My ML model doesn't work, can you help me?-CodePudding

I built an ML model but it doesn't work because of a dimensional problem. Basically, the inverse_transform method expects a 2D array, but the predict method only give as result a 1D array. Can you help me? There is my code:

import numpy as np
import pandas as pd
import matplotlib.pyplot as plt

dataset = pd.read_csv('Position_Salaries.csv')
X = dataset.iloc[:, 1:-1].values
Y = dataset.iloc[:, -1].values
Y = Y.reshape(len(Y),1)

from sklearn.preprocessing import StandardScaler
sc_X = StandardScaler()
sc_Y = StandardScaler()
X = sc_X.fit_transform(X)
Y = sc_Y.fit_transform(Y)

from sklearn.svm import SVR
regressor = SVR(kernel='rbf')
regressor.fit(X, Y)

sc_Y.inverse_transform(regressor.predict(sc_X.transform([[6.5]])))

This is the ValueError: Expected 2D array, got 1D array instead: array=[0.01].

CodePudding user response：

This code should solve your problem:

import numpy as np
import pandas as pd
from sklearn.preprocessing import StandardScaler
from sklearn.svm import SVR

dataset = pd.read_csv('Position_Salaries.csv')
X = dataset.iloc[:, 1:-1].values
Y = dataset.iloc[:, -1].values
Y = Y.reshape(len(Y),1)  # this step is unnnnecesary: in fact you should reshape to (-1)

sc_X = StandardScaler()
sc_Y = StandardScaler()
X = sc_X.fit_transform(X)
Y = sc_Y.fit_transform(Y)


regressor = SVR(kernel='rbf')
regressor.fit(X, Y)

sc_Y.inverse_transform(regressor.predict(sc_X.transform([[6.5]])).reshape(-1,1))  # not the final reshape(-1,1)

It's unusual using labels with shape (-1,1), the most common to use them as (-1,).

You can check your examples and labels shape with print(X.shape) and print(Y.shape), it should output (n_samples, n_features) and (n_samples,) respectively. Then, your code should be the following:

import numpy as np
import pandas as pd
from sklearn.preprocessing import StandardScaler
from sklearn.svm import SVR

dataset = pd.read_csv('Position_Salaries.csv')
X = dataset.iloc[:, 1:-1].values
Y = dataset.iloc[:, -1].values

sc_X = StandardScaler()
sc_Y = StandardScaler()
X = sc_X.fit_transform(X)
Y = sc_Y.fit_transform(Y)


regressor = SVR(kernel='rbf')
regressor.fit(X, Y)

sc_Y.inverse_transform(
    regressor.predict(
        sc_X.transform([[6.5]])
    )
)

CodePudding user response：

I can tell you from experience that this kind of thing will drive you nuts.
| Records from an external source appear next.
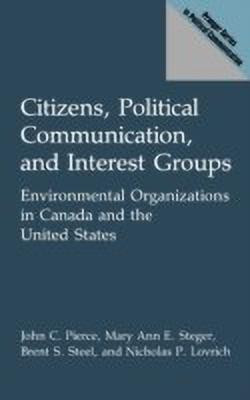 Citizens, Political Communication, and Interest Groups(English, Hardcover, Lovrich Nicholas)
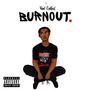 Burnout (Explicit)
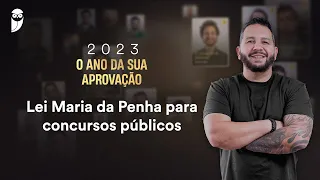 Lei Maria da Penha para concursos públicos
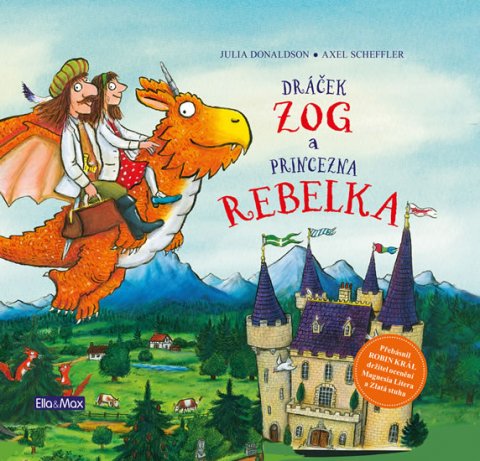 Donaldsonová Julia: Dráček ZOG a princezna REBELKA Donaldsonová Julia: Dráček ZOG a princezna REBELKA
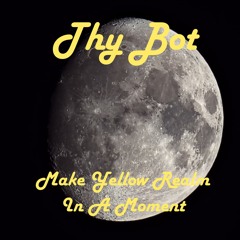 Make Yellow Realm In A Moment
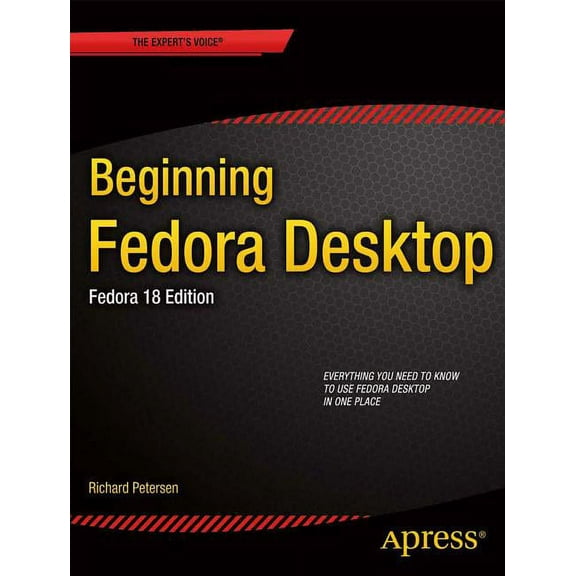 Expert's Voice in Linux Beginning Fedora Desktop: Fedora 18 Edition, (Paperback)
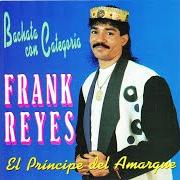Der musikalische text NO PUEDO VIVIR SIN ELLA von FRANK REYES ist auch in dem Album vorhanden Bachata con categoria (1994)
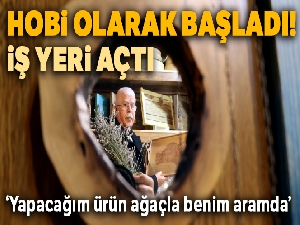 Hobi olarak başladı, iş yeri açtı!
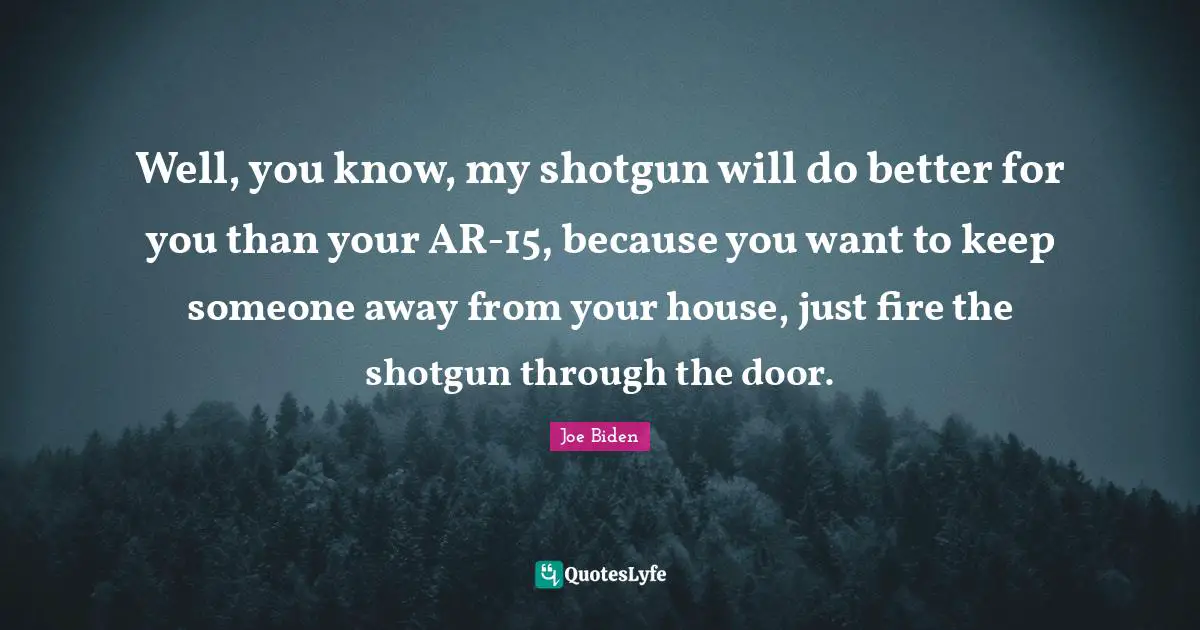 Joe Biden Quotes: "Well, you know, my shotgun will do better for you than your AR-15, because you want to keep someone away from your house, just fire the shotgun through the door."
So I recommend not doing this, but instead using sklearn.compose.TransformedTargetRegressor. It will save you having to inverse transform the target, which is much more convenient, and therefore safer (because it's harder to mess it up!). You can also easily pass in custom transformers if you want.

I'd go further then to say you should use a Pipeline to manage scaling in general. It's nice because then you can forget about having to scale data when you predict later because the scaler is part of the pipeline. If you choose to estimate model performance with holdout or cross-validation splits later, you also don't have to remember to fit the scaler to the training data only.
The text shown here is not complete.